# the 10 most dangerous toys of all time.



## syscom3 (Dec 16, 2006)

This is great!

I remember some of those toys. Amazing my friends or myself never got hurt.

Features : Radar Online


----------



## evangilder (Dec 16, 2006)

The lawn darts quote was about right:


> The best part about Jarts was that they eliminated all speculation from true outdoor fun. (Is this dangerous?

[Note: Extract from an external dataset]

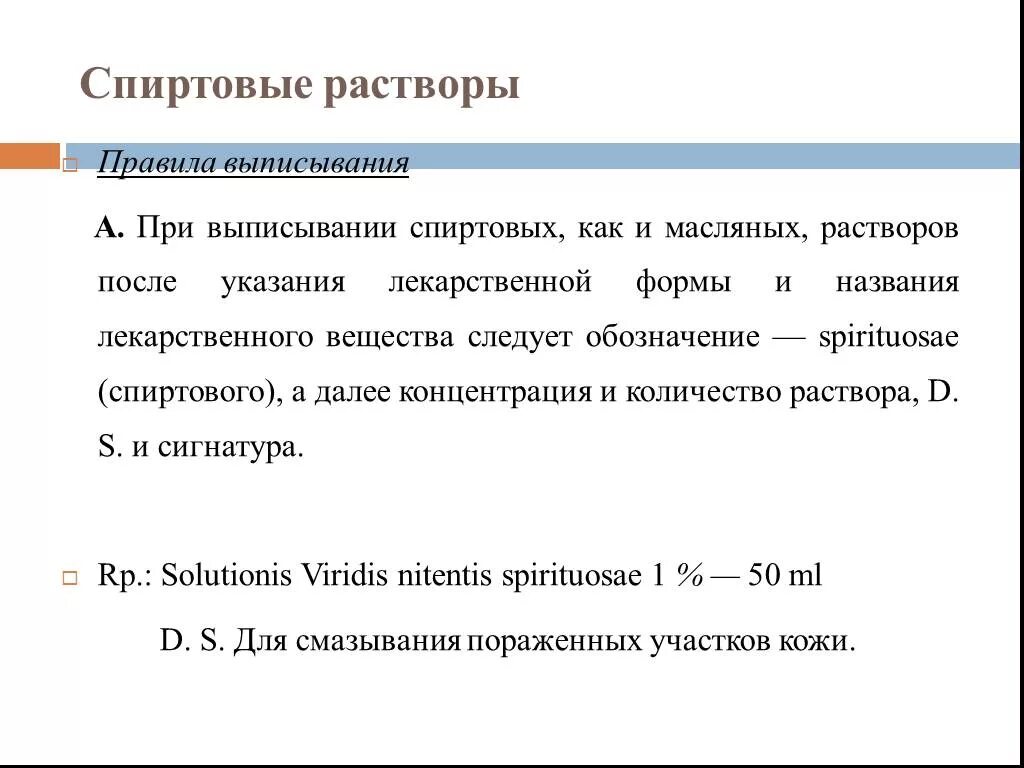 Спиртовой раствор йода латынь. Правила выписывания растворов. Правила выписывания спиртовых растворов. Правила выписывания спиртовых масляных растворов. Правила выписывания масляных растворов.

Hell yes, now chuck it!)


----------



## Gnomey (Dec 16, 2006)

Some of those though are so much more interesting than nowdays toys though.


----------



## R-2800 (Dec 16, 2006)




----------



## mkloby (Dec 16, 2006)

nice one!


----------



## kiwimac (Dec 17, 2006)

I should sue for replacement costs of my monitor and keyboard.

Dang, talk about laugh!


----------



## 102first_hussars (Dec 18, 2006)

Im suprised that old wood burning kit wasnt up there, man, i burnt my hand pretty bad one time


----------



## Matt308 (Dec 19, 2006)

A wood burning kit. I needed mine just last week and thought about the one I had as a kid.


----------



## Erich (Dec 19, 2006)

lawn darts were cool, how about just plain darts, well there goes my littl bro walking in front of the round dart board, when........... oh no Mikey !  

how about 6 Finger and Johnny OMa the one man army gun ? geez how much stuff I grew up with, enjoyed and then grew out of or just plain destroyed, and now in our age it would be a criminal act to own ......... screw em


----------



## Matt308 (Dec 19, 2006)

Or the homemade rubber band guns made with sliced up tire inner-tubes.

Or "wrist rockets" (slingshots) made with surgical tubing and marbles for ammo.


----------



## syscom3 (Dec 19, 2006)

Anyone here remember making "Polish Cannons"?


----------



## Matt308 (Dec 19, 2006)

Nope. What were those?


----------



## Erich (Dec 19, 2006)

I don't think I want to know ............... yes I do

we still use wrist rockets for hunting purposes, and not just animals. Different ammo loads not marbles


----------



## Matt308 (Dec 19, 2006)

Ball bearings. Smaller. More dense. Mo' deadly.


----------



## syscom3 (Dec 19, 2006)

You make a polish cannon like this:

Get three soda cans. Two of them you cut off the tops and bottoms so you have a pair of cylinders. The third one, you poke a small hole on the side, about 1/4" above the bottom of the can.

Get duct tape and connect all three cans together, with the can that has the small hole as being the "bottom".

Get a tennis ball and stuff it down the top. You may need a little oil to lube the insides of the can.

Put a little lighter fluid into the bottom can through the small hole, and shake it up a little.

Aim the cannon assembly like a mortar. High angle, low angle.... don't matter.

Put a match to the hole and watch the tennis ball go shooting out.


----------



## Matt308 (Dec 19, 2006)




----------